Questo risultato lascia intendere che le ragazze debbano provare difficoltà addizionali per passare la soglia della diagnosi, portando alla luce il fatto che i criteri e gli strumenti diagnostici correnti non sono ben accordati per individuare l´autismo in donne e ragazze soprattutto ad alto funzionamento. D´altronde, in alternativa, è possibile che le ragazze con tratti forti d´autismo, ma non diagnosticate, gestiscano meglio i problemi rispetto ai ragazzi con sintomi di gravità equivalente, suggerendo forse che ci sia una migliore compensazione per l´autismo da parte delle ragazze, laddove comunque non ci siano difficoltà ulteriori, come deficit intellettivi104.

C´è comunque un effettivo rischio che le pratiche di ricerca correnti, che spesso escludono ragazze e donne dagli studi a causa della piccola quantità di persone, stiano creando un circolo vizioso dove la nostra conoscenza dell´autismo è per la maggior parte una conoscenza dell´autismo maschile.

È vitale quindi la ricerca basata sulla popolazione, perché gli studi basati sui casi clinici corrono il rischio di portare solo conferme laddove esistano già stereotipi e pregiudizi nel processo di diagnosi. Senza questi studi di popolazione sulle differenze tra i generi nell´autismo e nei tratti autistici, rimarrà poco chiaro fino a che punto le donne non ricevono una diagnosi d´autismo, e se in questi casi le donne “soffrano in silenzio” o raggiungano una vera compensazione, che rende la diagnosi non necessaria.
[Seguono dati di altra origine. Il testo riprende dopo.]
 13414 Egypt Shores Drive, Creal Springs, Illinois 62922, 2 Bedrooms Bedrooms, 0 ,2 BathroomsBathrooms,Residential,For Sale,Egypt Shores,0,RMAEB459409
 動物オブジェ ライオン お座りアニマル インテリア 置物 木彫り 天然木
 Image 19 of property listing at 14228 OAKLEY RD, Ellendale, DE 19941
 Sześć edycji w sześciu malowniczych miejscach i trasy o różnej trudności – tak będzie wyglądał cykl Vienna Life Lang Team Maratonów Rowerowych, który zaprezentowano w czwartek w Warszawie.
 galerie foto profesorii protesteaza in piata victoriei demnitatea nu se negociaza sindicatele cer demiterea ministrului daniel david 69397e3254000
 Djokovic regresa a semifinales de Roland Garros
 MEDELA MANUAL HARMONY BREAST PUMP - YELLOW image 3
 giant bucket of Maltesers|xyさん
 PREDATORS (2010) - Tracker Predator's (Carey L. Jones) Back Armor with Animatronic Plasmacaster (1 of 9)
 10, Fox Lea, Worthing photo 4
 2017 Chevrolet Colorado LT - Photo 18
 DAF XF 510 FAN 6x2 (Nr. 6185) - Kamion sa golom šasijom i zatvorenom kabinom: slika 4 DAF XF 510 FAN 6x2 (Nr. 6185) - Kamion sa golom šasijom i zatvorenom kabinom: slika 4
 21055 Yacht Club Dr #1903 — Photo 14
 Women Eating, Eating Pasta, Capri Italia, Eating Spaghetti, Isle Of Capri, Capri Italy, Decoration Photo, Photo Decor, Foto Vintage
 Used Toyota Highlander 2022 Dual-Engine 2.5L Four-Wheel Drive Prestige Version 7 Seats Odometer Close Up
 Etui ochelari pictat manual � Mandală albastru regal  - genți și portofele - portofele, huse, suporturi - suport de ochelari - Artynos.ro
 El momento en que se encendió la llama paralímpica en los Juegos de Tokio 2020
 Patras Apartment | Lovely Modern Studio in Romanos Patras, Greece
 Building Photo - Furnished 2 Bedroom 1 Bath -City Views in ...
3.4 TEORIA DEL “CAMOUFLAGE”

Alcuni individui autistici vengono diagnosticati tardivamente perché imparano alcune strategie per nascondere le difficoltà sociali. Questi individui diagnosticati tardivamente tendono a soffrire di concomitanti disturbi mentali potenzialmente correlati allo stress accumulato per adattarsi alla vita quotidiana all’interno della società105.

Individui autistici possono quindi sviluppare tecniche di coping per “camuffare” le difficoltà che insorgono in ambito sociale106 evitando comportamenti che potrebbero essere visti come socialmente inaccettabili.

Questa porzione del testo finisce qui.